In a 2018 interview, children's author and illustrator Helen Oxenbury told the Guardian that "When I was reading books to my children, I used to hide some of them. I couldn't bear to read them yet again."

Amen to that, sister.

But now my youngest is five, and dang it, where did I hide all those books?

I need them, I need them desperately. You see, my five-year-old, after several years of pretending, is finally learning to read and write simple words, which is fantastic, but every minute of her waking hours is spent asking me what words are. She follows me around spelling words and asking, "What does that say? What does this spell? How do you spell ... ?" And that's WONDERFUL, it really is, and I am so excited for her, I really am, and I want to help her all the time, I really do. But while I'm driving? While I'm in the bathroom? While I'm trying to keep hot grease from splattering all over me? While I'm in the middle of washing a dog that rolled in something gross?
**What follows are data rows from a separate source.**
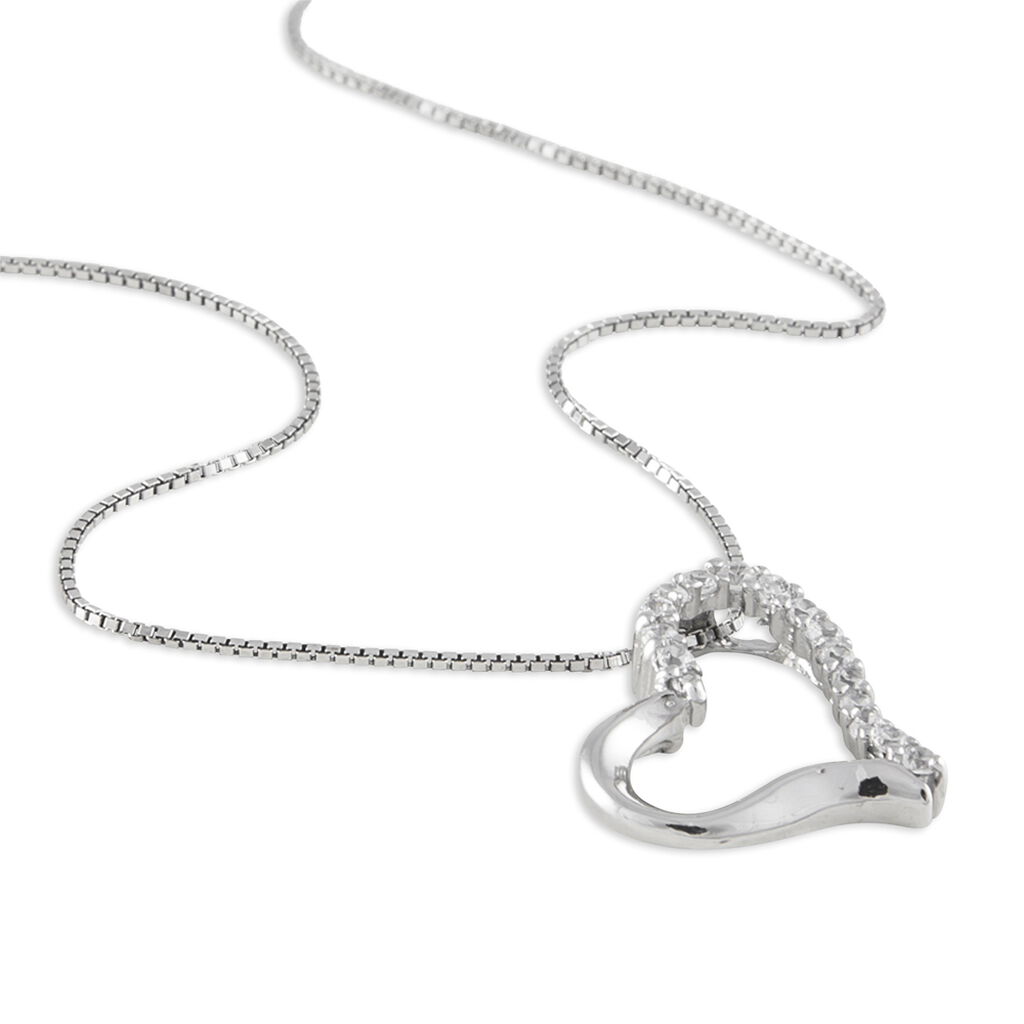 PATRIZIA Damen Collier Silber 925 Zirkonia Wei&szlig; Herz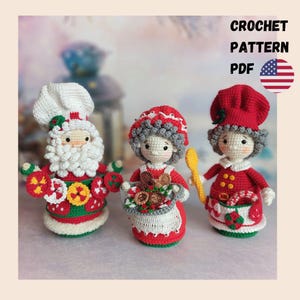 May include: Three crocheted Christmas figures: Santa Claus, Mrs. Claus with a tray of cookies, and a chef. The figures are red, white, green, and yellow. The text "CROCHET PATTERN PDF" is displayed with a US flag.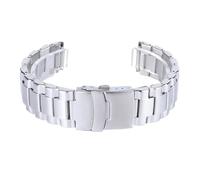Decorations CXYWBD Watch Straps Three-Bead Stainless Steel Watchband Flat End Wristband 20 22mm Men Women Strap Watch Accessories Beautiful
Set limits and redirect, that's what all the parenting books tell you to do.

Currently my limits involve telling her that no, I really can't help her read at 5:45am when I'm stumbling to brush my teeth, and please just hold on one minute while I haul this 40lb basket of dirty clothes down the steps and THEN I will spell the words you need. Redirection is basically telling her to go ask her brother or sister what a word is, and hoping all three of them get distracted by throwing walnuts for the cat to chase so I can finish washing the dirty compost bucket.

And durn, most of the books she has memorized are hidden. So what do I do now? That compost bucket won't wash itself. (If only it would — yuck!)

So I tell her to go be Mr. Todd.

The other day I went looking for Todd Parr's The Don't Worry Book and couldn't find it (I'm sure it's between a bed and a wall somewhere), but luckily for me, there were about 15 handmade copies stashed around the house. That's right, my little girl is plagiarizing Todd Parr. And I'm encouraging it.

Plagiarizing is a bit harsh; what she's really doing is being five years old and copying the pictures and text of her favorite books, though she does sign them and has been known to credit herself as the illustrator. Todd Parr's books are her absolute favorites to copy and read aloud, so I was really beside myself when I couldn't find The Don't Worry Book the other day. It was a slow dance with an impending tantrum, and don't tell Todd Parr, but I was very worried.

The Kindness Book arrived at our house just in time, and I mean almost to the minute.

I've lost count of how many books Todd Parr has written, but no matter how many it is, it is never enough for my kids. When they were very young, his funny books were their favorites. (It's quite possible The Underwear Book is one of the books I had to hide), but since they are getting older and experiencing bigger and more complicated feelings, all while engaging more with the wider world, my kids (and I) really rely on Todd Parr's books for what some may call guidance, but what I call mind-reading and mental hugging. You see, Todd Parr KNOWS.

Todd Parr knows my kids have three grandmothers and a ton of step-cousins. Todd Parr knows my son's long hair makes him different. Todd Parr knows our best friends moved away and our dog died. Todd Parr knows sometimes we feel crummy for no reason and get mad and say ugly things to people we love. He knows, oh, he knows.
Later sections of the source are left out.